No coincide con los ideales de la filosofía del resentimiento ni con los justificativos de la envidia. Tampoco con los ideales de quienes codician los bienes ajenos. Pero lo cierto es que los objetivos de sacar a millones de personas de la pobreza y de disminuir las diferencias de riqueza son mutuamente excluyentes.
Y con “sacar a millones de personas de la pobreza” no nos referimos a subsidiarlas con planes sociales y precios falsos sino a reconvertirlas en clase media próspera, con trabajos bien pagos, estabilidad económica seria y servicios de primera.
La evidencia mundial pone ante los ojos de quien quiera verlo, lo que privilegian los progresistas (radiografiados en los dos primeros párrafos de esta nota) a saber: que los ricos no se hagan más ricos es más satisfactorio e importante que terminar con la pobreza.
La revista The Economist se preguntaba a fines del año pasado ¿acaso importan las desigualdades mientras la pobreza disminuye? citando investigaciones del Banco de Desarrollo Asiático (ADB) demostrativas de una disminución mucho mayor de la pobreza en aquellos países donde las desigualdades de riqueza han aumentado con respecto a países donde las desigualdades de ingresos fueron menores.
Aunque la hipocresía nos ha caracterizado durante décadas, hoy estamos en un raro momento de maduración colectiva.
De cuestionamiento de todo un sistema de redistribución y crecimiento que supone, asimismo, la valentía de aceptar realidades, asumir errores y llamar a las cosas por su nombre.
Al pan, pan y al vino, vino. Las mujeres y hombres honestos que están en situación de pobreza no están interesados en acabar con los ricos sino en enriquecerse ellos mismos. Van despertándose al “descubrimiento” de que es mejor apoyar el aumento de rentabilidad de las empresas internacionalmente competitivas como estrategia inteligente para escapar a la desesperante pobreza social-demago-populista que nos asfixia.
Y que eso se logra quitándoles impuestos para que ganen en grande y reinviertan en grande. Sin miedos estúpidos de que alguien gane mucho.

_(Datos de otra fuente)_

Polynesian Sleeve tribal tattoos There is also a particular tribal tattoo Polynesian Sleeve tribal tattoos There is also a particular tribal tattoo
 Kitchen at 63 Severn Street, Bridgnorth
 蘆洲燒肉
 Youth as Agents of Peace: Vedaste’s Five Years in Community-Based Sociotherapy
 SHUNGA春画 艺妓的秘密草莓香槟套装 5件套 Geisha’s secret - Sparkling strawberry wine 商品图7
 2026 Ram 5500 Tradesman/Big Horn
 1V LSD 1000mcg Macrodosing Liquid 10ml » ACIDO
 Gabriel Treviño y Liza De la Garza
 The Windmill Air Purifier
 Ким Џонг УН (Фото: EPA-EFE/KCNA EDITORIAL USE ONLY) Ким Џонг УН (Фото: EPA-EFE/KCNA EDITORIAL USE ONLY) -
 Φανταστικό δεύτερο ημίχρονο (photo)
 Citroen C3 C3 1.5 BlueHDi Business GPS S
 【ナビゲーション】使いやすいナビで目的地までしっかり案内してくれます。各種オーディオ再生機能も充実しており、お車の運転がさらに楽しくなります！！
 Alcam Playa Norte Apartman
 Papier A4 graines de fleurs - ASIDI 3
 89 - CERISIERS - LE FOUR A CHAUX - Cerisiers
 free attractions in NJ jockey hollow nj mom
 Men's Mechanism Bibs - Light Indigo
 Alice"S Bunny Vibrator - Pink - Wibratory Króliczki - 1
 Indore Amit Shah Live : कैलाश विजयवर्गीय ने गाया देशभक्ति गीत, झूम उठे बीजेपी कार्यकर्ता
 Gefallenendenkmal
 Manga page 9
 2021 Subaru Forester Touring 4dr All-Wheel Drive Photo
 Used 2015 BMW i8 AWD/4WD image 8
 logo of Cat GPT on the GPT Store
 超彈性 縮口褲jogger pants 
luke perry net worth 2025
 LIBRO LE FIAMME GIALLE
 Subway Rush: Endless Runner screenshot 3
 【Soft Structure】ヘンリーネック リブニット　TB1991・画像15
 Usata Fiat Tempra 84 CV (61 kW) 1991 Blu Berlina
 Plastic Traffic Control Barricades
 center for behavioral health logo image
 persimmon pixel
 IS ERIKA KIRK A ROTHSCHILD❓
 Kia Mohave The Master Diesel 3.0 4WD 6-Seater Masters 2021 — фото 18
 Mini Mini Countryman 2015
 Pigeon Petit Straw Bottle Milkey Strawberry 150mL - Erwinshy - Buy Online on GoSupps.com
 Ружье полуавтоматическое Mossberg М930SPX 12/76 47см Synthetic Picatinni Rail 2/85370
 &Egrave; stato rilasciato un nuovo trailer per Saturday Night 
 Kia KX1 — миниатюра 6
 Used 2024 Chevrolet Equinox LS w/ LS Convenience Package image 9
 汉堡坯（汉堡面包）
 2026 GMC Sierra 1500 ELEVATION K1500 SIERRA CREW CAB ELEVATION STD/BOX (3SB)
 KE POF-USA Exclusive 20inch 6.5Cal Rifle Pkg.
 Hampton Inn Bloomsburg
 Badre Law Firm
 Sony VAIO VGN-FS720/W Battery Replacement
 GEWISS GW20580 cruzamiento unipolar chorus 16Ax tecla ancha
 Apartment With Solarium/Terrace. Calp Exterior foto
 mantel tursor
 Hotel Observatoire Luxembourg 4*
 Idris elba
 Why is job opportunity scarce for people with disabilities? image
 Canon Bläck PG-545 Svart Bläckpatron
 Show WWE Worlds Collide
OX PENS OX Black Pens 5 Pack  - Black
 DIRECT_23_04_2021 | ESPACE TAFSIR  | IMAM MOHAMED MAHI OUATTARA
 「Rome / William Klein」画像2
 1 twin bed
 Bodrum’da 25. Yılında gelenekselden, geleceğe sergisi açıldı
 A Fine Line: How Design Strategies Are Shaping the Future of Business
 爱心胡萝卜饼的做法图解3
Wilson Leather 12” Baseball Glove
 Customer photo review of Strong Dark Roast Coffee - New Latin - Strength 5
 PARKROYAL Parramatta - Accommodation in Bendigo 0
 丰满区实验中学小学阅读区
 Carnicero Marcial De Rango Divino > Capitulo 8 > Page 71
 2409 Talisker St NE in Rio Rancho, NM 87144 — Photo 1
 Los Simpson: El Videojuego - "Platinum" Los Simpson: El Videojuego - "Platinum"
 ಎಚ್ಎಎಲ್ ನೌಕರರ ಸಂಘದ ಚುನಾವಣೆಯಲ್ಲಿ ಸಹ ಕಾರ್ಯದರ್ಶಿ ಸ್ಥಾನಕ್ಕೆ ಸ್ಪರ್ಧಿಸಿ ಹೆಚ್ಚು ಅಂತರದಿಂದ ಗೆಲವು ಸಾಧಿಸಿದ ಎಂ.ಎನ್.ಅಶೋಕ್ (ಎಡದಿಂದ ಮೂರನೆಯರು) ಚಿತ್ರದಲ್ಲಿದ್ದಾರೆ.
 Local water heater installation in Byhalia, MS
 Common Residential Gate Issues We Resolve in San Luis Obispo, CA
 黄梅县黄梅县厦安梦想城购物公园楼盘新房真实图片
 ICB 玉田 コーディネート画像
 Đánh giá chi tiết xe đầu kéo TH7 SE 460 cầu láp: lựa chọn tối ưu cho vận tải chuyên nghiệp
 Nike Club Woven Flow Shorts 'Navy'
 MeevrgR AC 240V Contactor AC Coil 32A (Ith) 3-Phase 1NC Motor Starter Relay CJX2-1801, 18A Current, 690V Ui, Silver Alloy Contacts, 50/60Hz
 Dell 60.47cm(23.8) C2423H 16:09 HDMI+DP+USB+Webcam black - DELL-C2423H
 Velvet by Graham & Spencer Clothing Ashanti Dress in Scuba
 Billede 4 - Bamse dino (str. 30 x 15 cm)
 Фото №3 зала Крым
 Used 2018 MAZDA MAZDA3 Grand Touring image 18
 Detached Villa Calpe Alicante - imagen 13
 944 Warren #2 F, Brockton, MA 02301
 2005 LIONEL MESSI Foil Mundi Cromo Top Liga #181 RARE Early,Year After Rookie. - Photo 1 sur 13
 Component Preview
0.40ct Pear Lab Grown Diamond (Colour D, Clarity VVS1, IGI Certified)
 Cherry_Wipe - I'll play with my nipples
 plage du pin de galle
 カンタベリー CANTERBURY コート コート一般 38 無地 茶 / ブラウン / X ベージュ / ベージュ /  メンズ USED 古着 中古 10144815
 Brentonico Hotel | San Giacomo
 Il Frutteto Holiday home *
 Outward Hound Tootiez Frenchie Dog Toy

“Descubriendo” que mientras la presión tributaria tienda a cero, la reinversión productiva tenderá a infinito en proporción geométrica.
Empieza a caer de maduro el concepto de que el crecimiento económico alineado con lo que el mundo pide atrae enormes sumas de dinero y que estas inversiones de capital se traducen en más empresas de todo tipo incorporándose al círculo virtuoso de la bonanza. Más empresas viables que compiten en una carrera de salarios y mejoras de vida, por los mismos que hoy están desocupados, sub-ocupados, con ocupaciones poco estimulantes y malpagas o con planes de limosna estatal.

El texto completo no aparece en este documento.